President’s Message September 2025

Hello Weavers!

I am filled with anticipation of another great guild year for Tacoma weavers.  This year, our theme is “Optical Hues” specifically, of course, color options in weaving.  

AI says, optical color mixing is a perceptual phenomenon where two or more colors placed close together are seen by the brain as a single, new color.  Our brains and our eyes do have a symbiotic relationship and function, but when the brain is encouraged to think what the eye is seeing, that double curved line in the middle of a blue background becomes a seagull flying in the blue sky.  When the brain sees little blue dots and little yellow dots close together, it sees green. 

I remember back in a high school art class, our teacher was teaching about pointillism, and we were required to choose two colors, opposite on the color wheel, and use only those two in small dots, to create a portrait.  Perhaps it was of a specific famous artist, because I remember mine was Van Gogh.  I chose blue-violet and orange, and I can almost remember the painting.  It was amazing to see how just the use of dots could make shapes and shadows, and definitely a portrait of Van Gogh.

A similar concept is simultaneous contrast:  Two colors, side by side, interact with one another and change our perception accordingly. The effect of this interaction is called simultaneous contrast. Since we rarely see colors in isolation, simultaneous contrast affects our sense of the color that we see. For example, red and blue flowerbeds in a garden are modified where they border each other: the blue appears green and the red, orange.

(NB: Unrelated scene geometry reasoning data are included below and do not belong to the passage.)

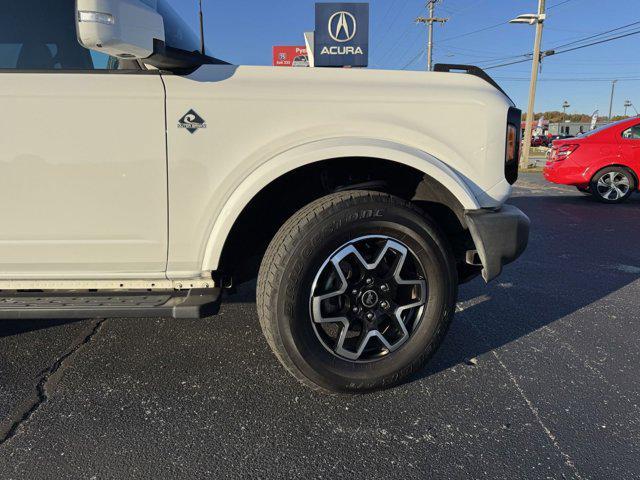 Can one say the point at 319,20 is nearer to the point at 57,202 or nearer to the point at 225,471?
the point at 57,202

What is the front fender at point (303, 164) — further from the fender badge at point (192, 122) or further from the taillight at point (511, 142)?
the taillight at point (511, 142)

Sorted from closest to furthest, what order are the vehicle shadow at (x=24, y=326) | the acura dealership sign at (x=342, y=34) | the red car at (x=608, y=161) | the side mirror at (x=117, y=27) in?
the side mirror at (x=117, y=27) < the vehicle shadow at (x=24, y=326) < the red car at (x=608, y=161) < the acura dealership sign at (x=342, y=34)

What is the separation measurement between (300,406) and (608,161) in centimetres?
848

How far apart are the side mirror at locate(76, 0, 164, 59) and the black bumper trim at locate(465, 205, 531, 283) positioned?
164 centimetres

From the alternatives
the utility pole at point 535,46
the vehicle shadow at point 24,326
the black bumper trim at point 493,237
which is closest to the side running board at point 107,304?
the vehicle shadow at point 24,326

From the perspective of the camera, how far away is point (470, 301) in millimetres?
3625

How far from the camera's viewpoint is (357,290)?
225 centimetres

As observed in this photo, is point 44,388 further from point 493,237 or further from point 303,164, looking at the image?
point 493,237

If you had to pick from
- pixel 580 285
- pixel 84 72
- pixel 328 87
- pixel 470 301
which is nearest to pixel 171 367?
pixel 84 72

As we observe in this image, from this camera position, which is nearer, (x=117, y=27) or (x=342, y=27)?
(x=117, y=27)

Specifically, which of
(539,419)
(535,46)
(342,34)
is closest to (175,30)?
(539,419)

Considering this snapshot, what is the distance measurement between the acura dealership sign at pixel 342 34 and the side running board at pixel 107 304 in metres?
8.33

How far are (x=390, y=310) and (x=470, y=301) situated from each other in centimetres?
159

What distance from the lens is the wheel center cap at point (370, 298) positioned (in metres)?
2.26
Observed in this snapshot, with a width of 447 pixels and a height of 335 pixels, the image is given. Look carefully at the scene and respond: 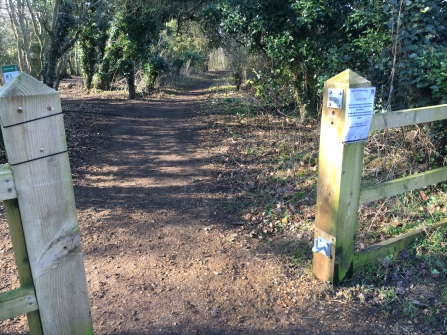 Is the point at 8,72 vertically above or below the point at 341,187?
above

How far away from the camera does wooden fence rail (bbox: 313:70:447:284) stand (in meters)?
3.12

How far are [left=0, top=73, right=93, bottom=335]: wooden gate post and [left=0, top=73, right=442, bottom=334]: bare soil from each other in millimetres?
1139

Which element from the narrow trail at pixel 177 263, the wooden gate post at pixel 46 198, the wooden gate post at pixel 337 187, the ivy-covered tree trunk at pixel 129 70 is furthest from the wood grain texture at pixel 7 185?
the ivy-covered tree trunk at pixel 129 70

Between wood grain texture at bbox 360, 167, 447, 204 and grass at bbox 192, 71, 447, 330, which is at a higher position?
wood grain texture at bbox 360, 167, 447, 204

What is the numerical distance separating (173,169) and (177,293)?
172 inches

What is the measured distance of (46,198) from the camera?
1.90 m

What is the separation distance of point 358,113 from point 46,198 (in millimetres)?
2337

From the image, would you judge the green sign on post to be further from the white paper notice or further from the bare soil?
the white paper notice

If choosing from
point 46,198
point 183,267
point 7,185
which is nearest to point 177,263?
point 183,267

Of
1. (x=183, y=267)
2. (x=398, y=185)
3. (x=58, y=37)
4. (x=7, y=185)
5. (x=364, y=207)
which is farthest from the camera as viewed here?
(x=58, y=37)

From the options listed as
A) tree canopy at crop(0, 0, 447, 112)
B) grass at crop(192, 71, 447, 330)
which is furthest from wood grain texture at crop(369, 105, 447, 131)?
tree canopy at crop(0, 0, 447, 112)

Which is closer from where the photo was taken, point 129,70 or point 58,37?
point 58,37

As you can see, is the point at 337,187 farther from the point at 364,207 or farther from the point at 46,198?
the point at 46,198

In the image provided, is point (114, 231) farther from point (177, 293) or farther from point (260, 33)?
point (260, 33) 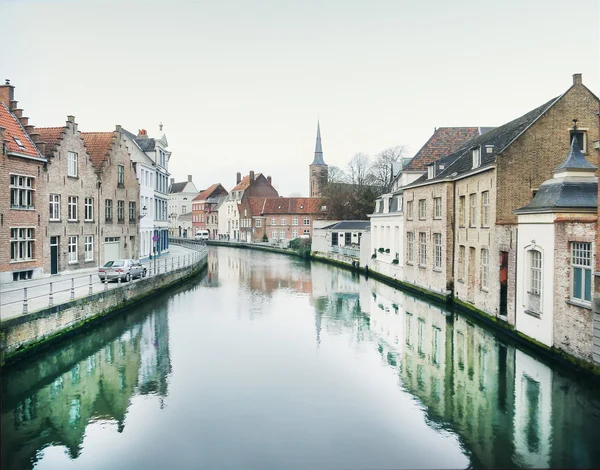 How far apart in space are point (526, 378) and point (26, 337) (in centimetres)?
1162

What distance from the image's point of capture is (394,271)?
29.3m

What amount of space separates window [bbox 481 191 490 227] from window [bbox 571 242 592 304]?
593 cm

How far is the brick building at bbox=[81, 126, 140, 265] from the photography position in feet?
88.3

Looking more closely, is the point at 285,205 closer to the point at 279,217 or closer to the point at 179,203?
the point at 279,217

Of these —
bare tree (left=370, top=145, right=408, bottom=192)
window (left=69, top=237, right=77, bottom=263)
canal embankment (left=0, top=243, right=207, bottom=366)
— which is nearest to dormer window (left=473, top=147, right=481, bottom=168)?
canal embankment (left=0, top=243, right=207, bottom=366)

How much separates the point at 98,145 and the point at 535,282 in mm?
22969

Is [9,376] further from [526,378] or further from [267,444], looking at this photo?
[526,378]

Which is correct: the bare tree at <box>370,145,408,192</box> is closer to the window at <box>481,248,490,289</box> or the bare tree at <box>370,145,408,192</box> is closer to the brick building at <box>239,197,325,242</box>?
the brick building at <box>239,197,325,242</box>

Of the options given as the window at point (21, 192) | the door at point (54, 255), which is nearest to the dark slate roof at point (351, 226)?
the door at point (54, 255)

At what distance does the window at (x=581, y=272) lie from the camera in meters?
11.5

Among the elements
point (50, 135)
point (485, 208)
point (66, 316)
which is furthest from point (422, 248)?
point (50, 135)

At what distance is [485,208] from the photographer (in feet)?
60.3

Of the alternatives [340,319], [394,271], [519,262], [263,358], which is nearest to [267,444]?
[263,358]

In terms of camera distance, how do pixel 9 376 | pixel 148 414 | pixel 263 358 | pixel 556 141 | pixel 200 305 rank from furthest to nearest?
1. pixel 200 305
2. pixel 556 141
3. pixel 263 358
4. pixel 9 376
5. pixel 148 414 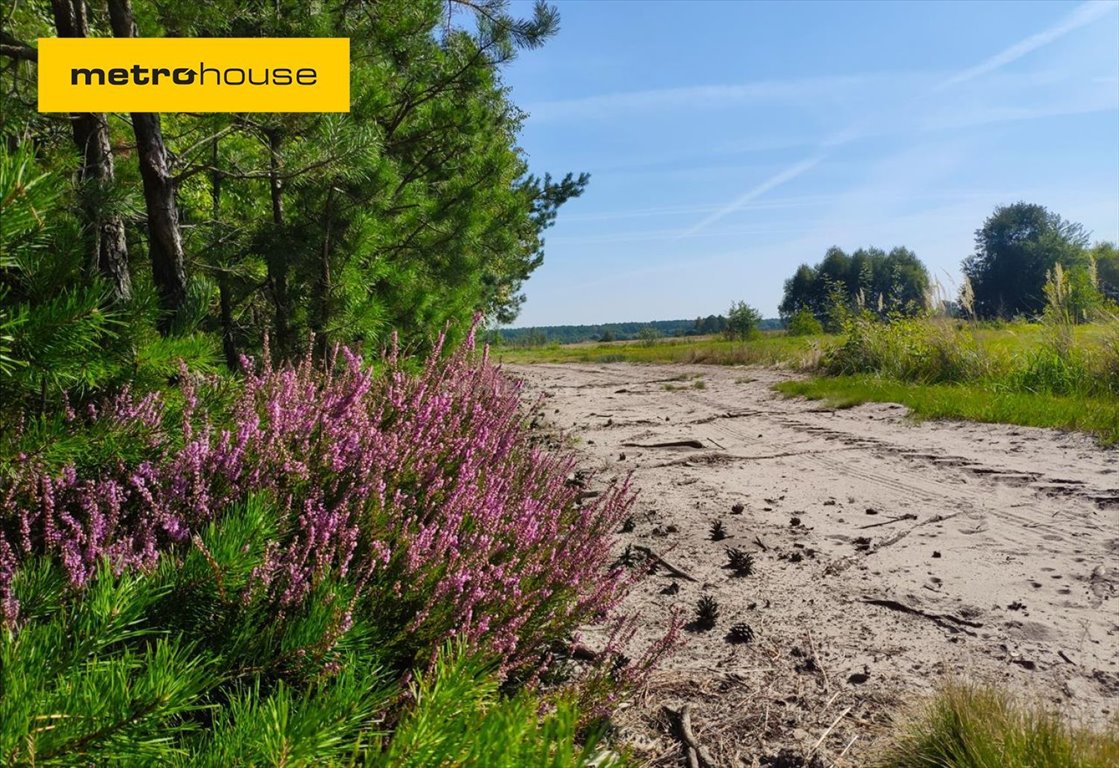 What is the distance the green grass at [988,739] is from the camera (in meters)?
1.54

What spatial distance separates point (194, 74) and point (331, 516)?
12.6 feet

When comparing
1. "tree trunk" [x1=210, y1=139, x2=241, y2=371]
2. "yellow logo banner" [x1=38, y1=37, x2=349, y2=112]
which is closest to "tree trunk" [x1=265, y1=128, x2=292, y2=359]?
"tree trunk" [x1=210, y1=139, x2=241, y2=371]

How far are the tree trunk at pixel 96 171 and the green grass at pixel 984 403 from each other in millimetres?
7673

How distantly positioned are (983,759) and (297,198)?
230 inches

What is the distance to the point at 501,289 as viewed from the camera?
75.4ft

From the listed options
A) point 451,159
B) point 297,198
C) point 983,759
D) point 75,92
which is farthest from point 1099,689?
point 451,159

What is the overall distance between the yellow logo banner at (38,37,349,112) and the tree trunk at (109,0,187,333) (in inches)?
3.5

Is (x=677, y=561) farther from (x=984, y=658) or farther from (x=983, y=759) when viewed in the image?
(x=983, y=759)

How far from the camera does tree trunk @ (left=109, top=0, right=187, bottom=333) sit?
3523 millimetres

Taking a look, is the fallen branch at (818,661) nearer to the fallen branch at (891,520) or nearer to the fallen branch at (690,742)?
the fallen branch at (690,742)

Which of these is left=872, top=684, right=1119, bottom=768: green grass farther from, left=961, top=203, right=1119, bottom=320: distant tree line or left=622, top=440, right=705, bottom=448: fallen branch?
left=961, top=203, right=1119, bottom=320: distant tree line

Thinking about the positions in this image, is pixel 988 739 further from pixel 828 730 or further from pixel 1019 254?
pixel 1019 254

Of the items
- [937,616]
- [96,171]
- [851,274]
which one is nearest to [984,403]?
[937,616]

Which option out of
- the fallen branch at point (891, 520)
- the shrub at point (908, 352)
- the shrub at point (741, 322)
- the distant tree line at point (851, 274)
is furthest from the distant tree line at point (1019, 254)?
the fallen branch at point (891, 520) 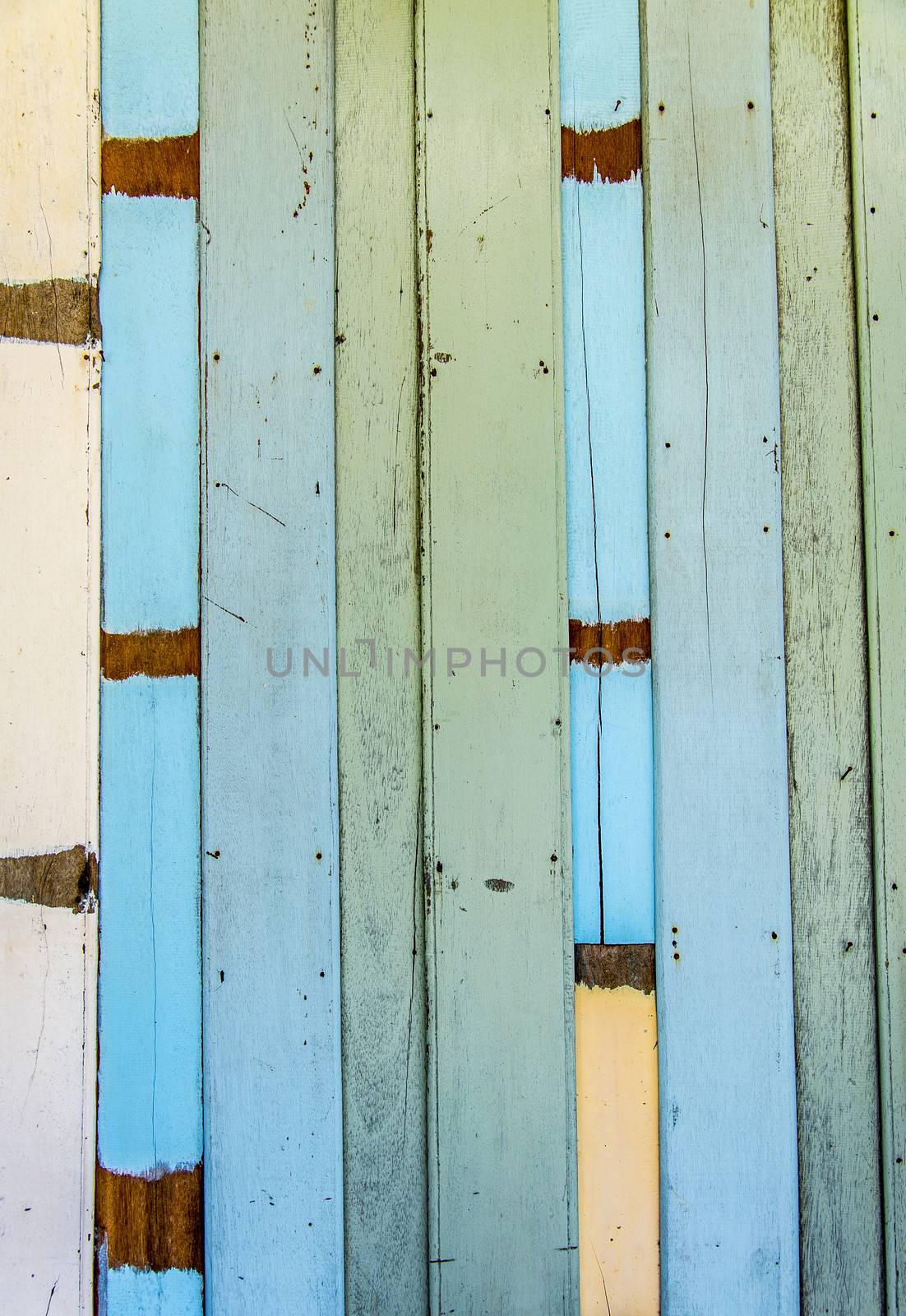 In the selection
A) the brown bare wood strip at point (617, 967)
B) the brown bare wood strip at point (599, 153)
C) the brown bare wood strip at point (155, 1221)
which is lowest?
the brown bare wood strip at point (155, 1221)

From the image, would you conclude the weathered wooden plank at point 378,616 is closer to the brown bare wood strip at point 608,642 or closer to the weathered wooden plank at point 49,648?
the brown bare wood strip at point 608,642

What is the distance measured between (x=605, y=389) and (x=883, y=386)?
Result: 0.42 metres

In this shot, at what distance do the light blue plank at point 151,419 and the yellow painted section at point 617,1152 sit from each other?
2.80 ft

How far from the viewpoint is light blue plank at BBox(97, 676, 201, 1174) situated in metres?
1.24

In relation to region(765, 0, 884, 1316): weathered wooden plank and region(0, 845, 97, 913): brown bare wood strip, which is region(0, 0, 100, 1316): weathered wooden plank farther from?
region(765, 0, 884, 1316): weathered wooden plank

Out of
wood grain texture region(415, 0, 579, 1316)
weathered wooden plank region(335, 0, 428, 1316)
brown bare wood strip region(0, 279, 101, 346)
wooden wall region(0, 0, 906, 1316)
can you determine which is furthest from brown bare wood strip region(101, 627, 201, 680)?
A: brown bare wood strip region(0, 279, 101, 346)

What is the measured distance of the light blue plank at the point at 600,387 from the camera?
1251mm

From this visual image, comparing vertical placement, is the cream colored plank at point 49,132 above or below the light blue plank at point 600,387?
above

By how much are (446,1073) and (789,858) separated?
1.94ft

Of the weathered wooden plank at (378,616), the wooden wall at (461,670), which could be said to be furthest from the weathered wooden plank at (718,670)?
the weathered wooden plank at (378,616)

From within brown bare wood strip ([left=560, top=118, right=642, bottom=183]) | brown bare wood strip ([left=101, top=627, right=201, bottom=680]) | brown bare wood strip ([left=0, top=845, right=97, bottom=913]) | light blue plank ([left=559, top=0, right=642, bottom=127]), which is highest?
light blue plank ([left=559, top=0, right=642, bottom=127])

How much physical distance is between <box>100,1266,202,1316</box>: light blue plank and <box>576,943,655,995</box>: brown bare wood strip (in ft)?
2.37

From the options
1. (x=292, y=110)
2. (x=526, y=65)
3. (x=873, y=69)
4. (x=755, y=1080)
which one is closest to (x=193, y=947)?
(x=755, y=1080)

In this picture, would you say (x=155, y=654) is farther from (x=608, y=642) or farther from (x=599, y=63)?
(x=599, y=63) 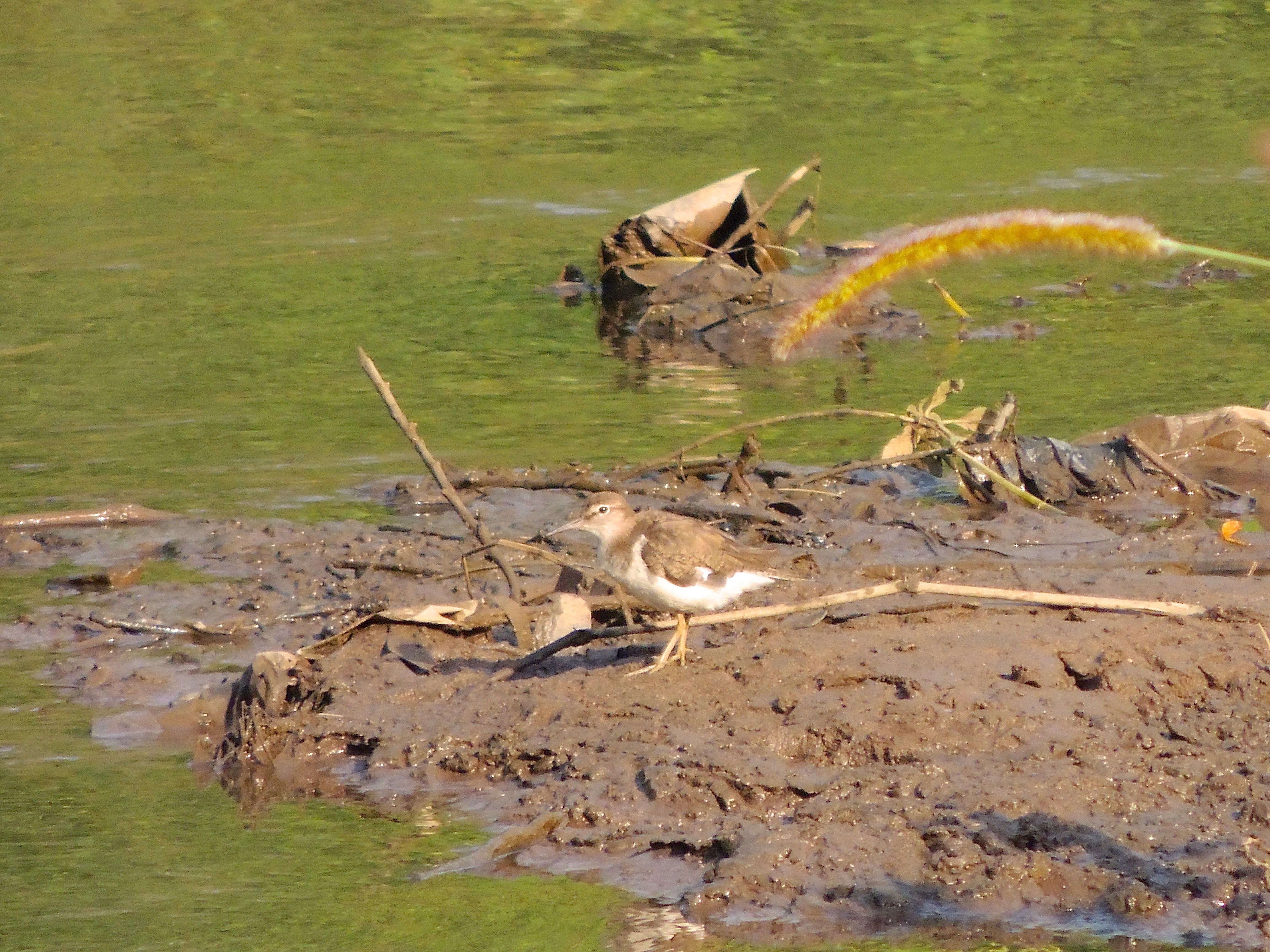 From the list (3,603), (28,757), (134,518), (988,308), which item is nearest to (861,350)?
(988,308)

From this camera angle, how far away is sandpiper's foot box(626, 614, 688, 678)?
5789mm

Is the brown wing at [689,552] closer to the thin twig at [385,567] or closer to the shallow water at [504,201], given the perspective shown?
the thin twig at [385,567]

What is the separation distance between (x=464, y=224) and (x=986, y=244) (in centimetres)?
1339

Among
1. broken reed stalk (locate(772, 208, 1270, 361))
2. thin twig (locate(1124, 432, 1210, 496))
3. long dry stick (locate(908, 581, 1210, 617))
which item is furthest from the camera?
thin twig (locate(1124, 432, 1210, 496))

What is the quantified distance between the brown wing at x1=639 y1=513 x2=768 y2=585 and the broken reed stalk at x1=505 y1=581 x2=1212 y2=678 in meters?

Our weaving is like little pixels or dots, one up one down, so it’s the perfect medium for optical mixing.  In weaving, we can achieve totally different colors from what color each yarn color is, by using yarns in combination.  I was just looking at my sampler from our workshop with Jennifer Moore, Double Rainbow.  The places where two yarns are used form another color.

At our first meeting, we’ll have an activity.  If you choose, you can select some colorful paint chips to get you started thinking about how colors might interact and combine to create optical mixes.  We’ll proceed through the year, and as our May Challenge see results that we all have created using this concept.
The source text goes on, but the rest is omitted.